Será que o procedimento de destruição de tecidos pode ser uma opção não antibiótica para infecções urinárias recorrentes?

A destruição de tecidos pode ser uma alternativa não antibiótica viável para tratar infecções urinárias recorrentes?

Imagem de Notícias: Poderia o Procedimento de Zapping de Tecido Ser uma Opção Não Antibiótica para Infecções Urinárias Recorrentes?

Para algumas mulheres mais velhas, as infecções urinárias recorrentes – e os antibióticos normalmente prescritos para elas – se tornam um fato da vida, mas um novo estudo oferece um tratamento inovador que pode proporcionar alívio.

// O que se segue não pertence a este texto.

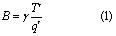 Equation (1)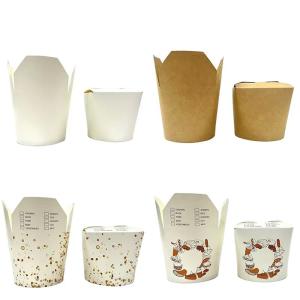 China 26oz noodles soup round noodle box accept cowhide blank noodle boxes pasta box wholesale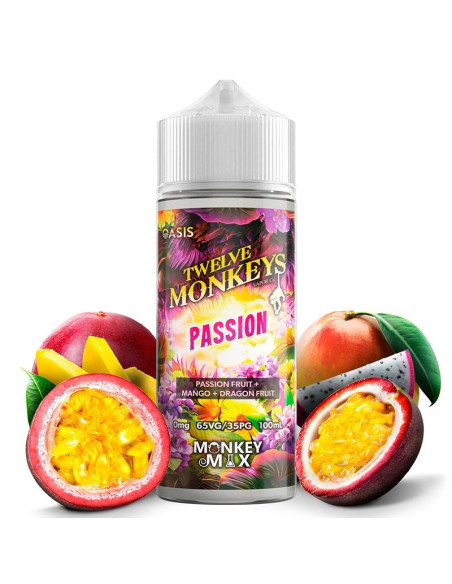 LIQUIDO -  PASSION 100ML BY TWELVE MONKEYS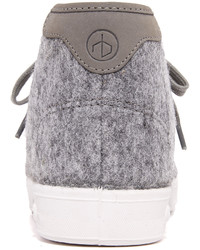 Женские серые высокие кеды от Rag & Bone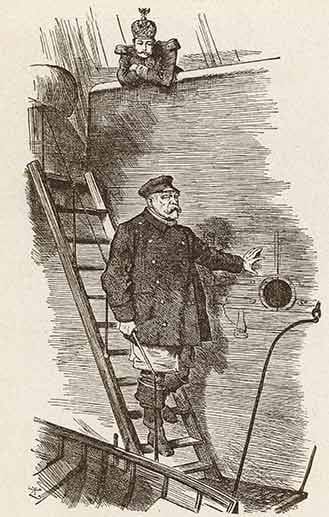 In der britischen Satirezeitschrift "Punch" erscheint 1890 die Karikatur "Dropping the Pilot" (meist übersetzt mit: "Der Lotse geht von Bord"): Mit dem Tod von Wilhelm I. (1898) neigt sich auch die Ära des "Eisernen Kanzlers" dem Ende entgegen. Nach Meinungsverschiedenheiten unter anderem zur Sozialpolitik fordert der noch junge Kaiser Wilhelm II. Bismarck wegen "unüberbrückbarer persönlicher und politischer Gegensätze" zum Rücktritt auf. Leo von Caprivi wird zu seinem Nachfolger.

Chamado de eletrofulguração, o procedimento minimamente invasivo essencialmente zapeia e elimina o tecido inflamado e infectado da bexiga. No estudo, constatou-se que ele é eficaz para várias mulheres afetadas por esse problema.

O Dr. Philippe Zimmern, autor correspondente do estudo e diretor do Centro de Saúde da Bexiga John and Felecia Cain no UT Southwestern Medical Center em Dallas, estava interessado em encontrar soluções porque ele viu tantos pacientes que haviam tomado antibióticos para infecções na bexiga repetidamente antes de serem encaminhados a ele.

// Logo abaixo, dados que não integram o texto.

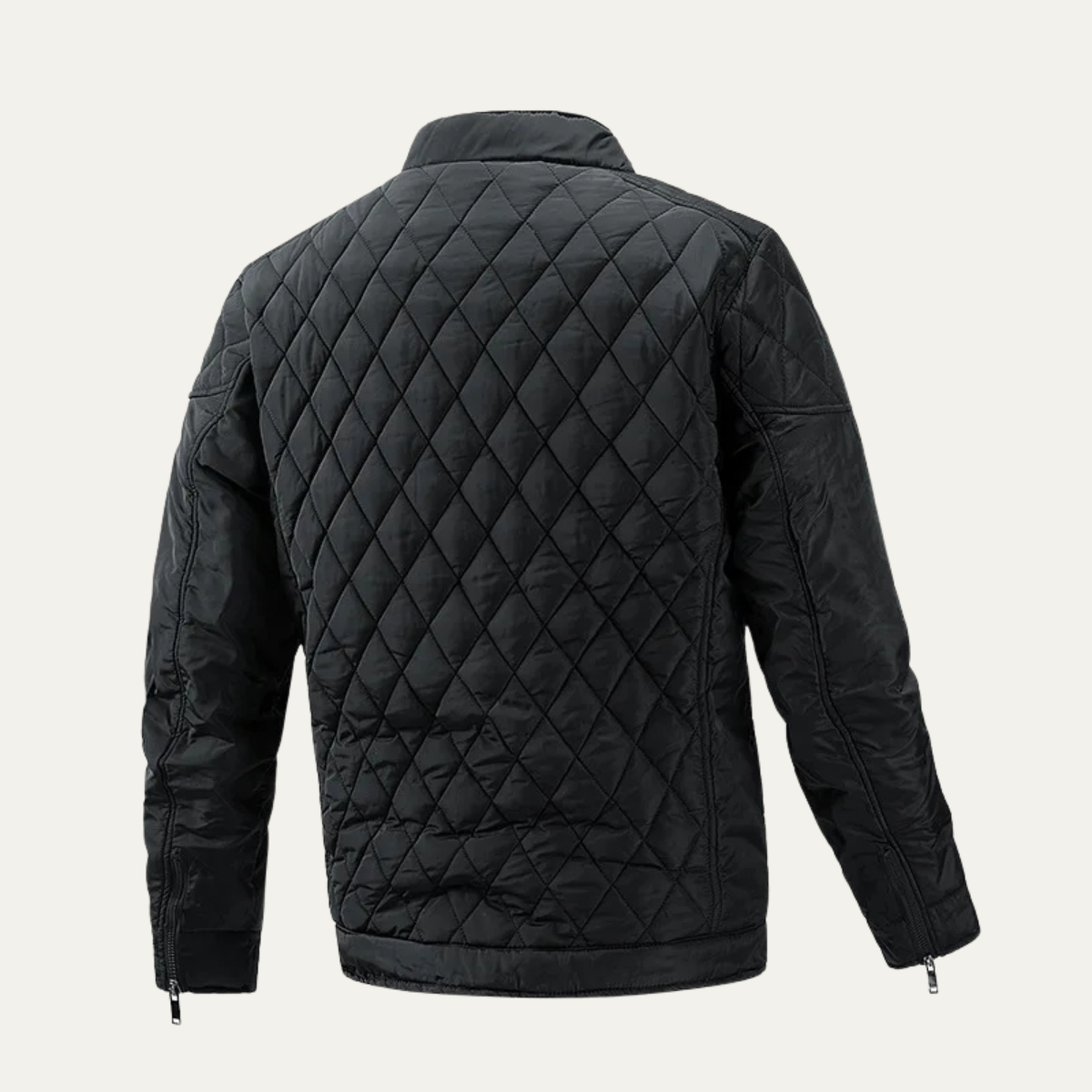 Axel | Men's Quilted Puffer Jacket Black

“Foi meio que um quebra-cabeça. Eu estava pensando: ‘De onde vêm essas infecções?'” disse Zimmern.

Zimmern se inspirou em tentar a eletrofulguração após ler o trabalho de outro pesquisador que havia descoberto em estudos com animais que as infecções atacaram a superfície da bexiga, permitindo que as bactérias se fixassem em uma camada mais profunda. Depois disso, essas bactérias conseguiam persistir na bexiga porque eram protegidas por um biofilme, explicou ele.

“Depois de termos comprovado que as bactérias estavam lá, isso meio que abriu a ideia de que a fulguração poderia ser um tratamento definitivo para esses pacientes.” Zimmern disse. A fulguração é usada no passado para queimar tumores da bexiga, de acordo com os Institutos Nacionais de Saúde dos EUA.

Neste estudo, os pesquisadores revisaram os prontuários médicos de 96 mulheres na pós-menopausa tratadas com eletrofulguração para infecções urinárias recorrentes (ITU) entre 2006 e 2012.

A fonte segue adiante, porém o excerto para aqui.